Once a heat map is built on a single frame, or multiple frames, a threshold can then be applied to remove the pixels indicating false positives. This is then passed through the scipy.ndimage.measurements.label() function which groups pixels into distinct areas which can then be used to determine the entire bounding box for the vehicle.

Below are some video frames with the final bounding boxes found and the subsequent heat map generated. The code for the heat map approach is in the notebook vehicle_detection.ipynb in the code cell with the same title as the this section. Additional image examples can be seen there as well.

Bounding Boxes and heat Maps 1

Bounding Boxes and heat Maps 2

Bounding Boxes and heat Maps 3

Tracking Pipeline

The pipeline is actually a function (method in my case) that takes an single frame image from the project video and returns a copy with vehicles clearly marked. The function/method must have this signature because that is what is required by the MoviePy VideoFileClip object that processes the project video.

In this case, I had to maintain a history of previous images so that I could filter out false positives based on heat level. Therefore, I decided to make my pipeline a class, VehicleDetectionPipeline. The implementation for this class is in the jupyter notebook vehicle_detection.ipynb in the code cell with the same title as the this section.

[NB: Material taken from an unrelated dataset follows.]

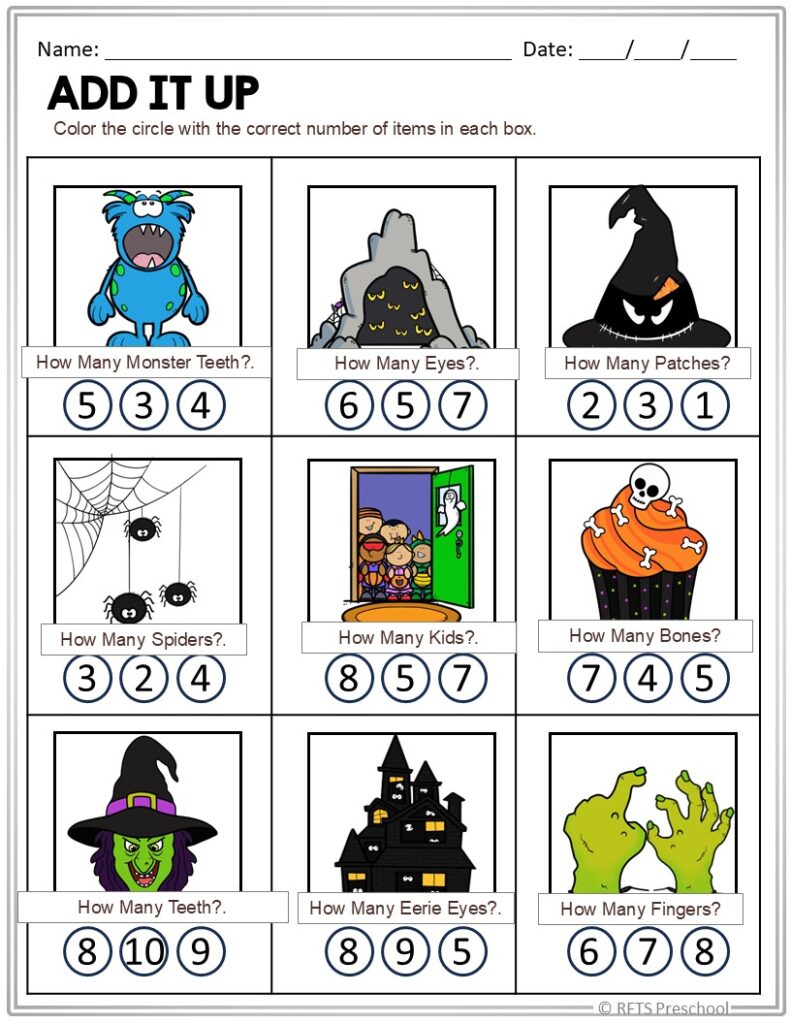 Math-counting-printable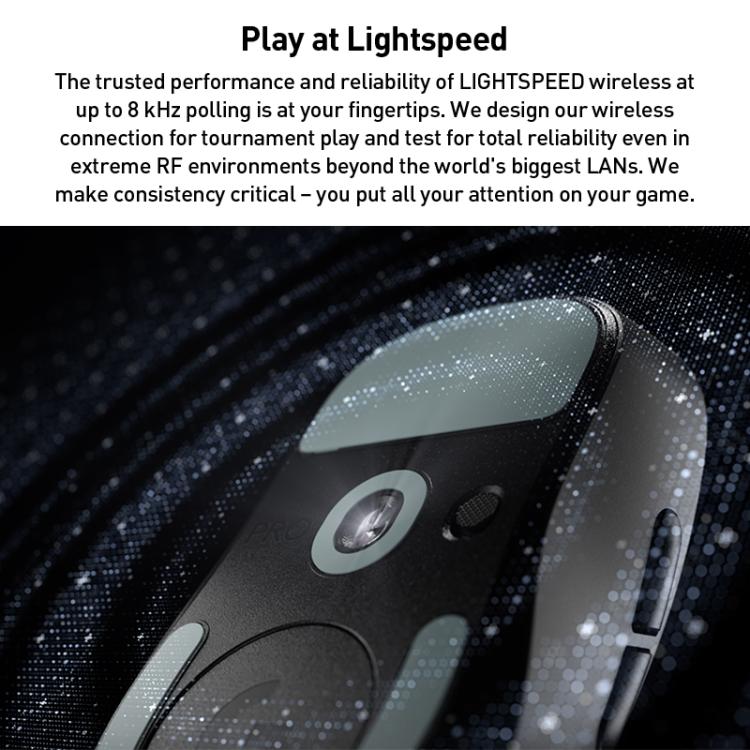 Logitech G Pro X SUPERLIGHT 2 DEX Wireless Gaming Mouse(White) - Wireless Mice by Logitech | Online Shopping UK | buy2fix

An instance of this class will maintain a history of 10 frames - actually the bounding boxes found for the frames. This allows me to build a heat map for the previous 9 frames plus the current frame being processed.

The process() method processes the video frame and returns the marked up image. This method conducts the 3 window searches described previously of the input image using the model saved previously. All of the bounding boxes found are placed in a collection and then placed in history.

It then creates a heat map for all frames in history. I used a heat map threshold of 1 plus the the number of history frames divided by 3. This did an adequate job of removing any false positives form the current frame.

This then is passed through the label object described previously to determine the regions for bounding boxes. These final bounding boxes are then used to mark up a copy of the input image and return it.

I tested the pipeline on my single test images. The result of this can be seen on the jupyter notebook vehicle_detection.ipynb in the cell with the same name as this section. But this does not test out the history aspect of the object. So I then tested it on 24 sequential frames taken from the project video and saved as set of single images. The results of this test can be seen in the notebook as well.

Create Video

Finally I created a new instance of VehicleDetectionPipeline (to start with no history) and used it to create my video output using MoviePy VideoFileClip. The code for this can be seen in the jupyter notebook vehicle_detection.ipynb in the cell with the same name as this section. The final video is project_video_final.mp4 in the repository.


My final video does track the cars and all false positives have been removed. However, the white car is not adequately identified in all cases. My model is not very good at detecting the white car in some frames, especially those with light colored pavement. The result is that the bounding box for the white car sometimes clips the full dimensions of the car. While the car is identified, its centroid is inaccurate and this could lead to poor decisions for my car.

One possible approach to fix this is to fine tuning the window search strategy more thoroughly. More overlapping searches at differing sizes and offsets might help. Another might be to augment training data with more white cars - particularly ones taken from video frames.

What I would like to do, however, is abandon the entire approach so far (linear SVM with derived features) and try a neural network instead. The window search piece can be reused, as well as the training data set. This would be a very interesting exercise!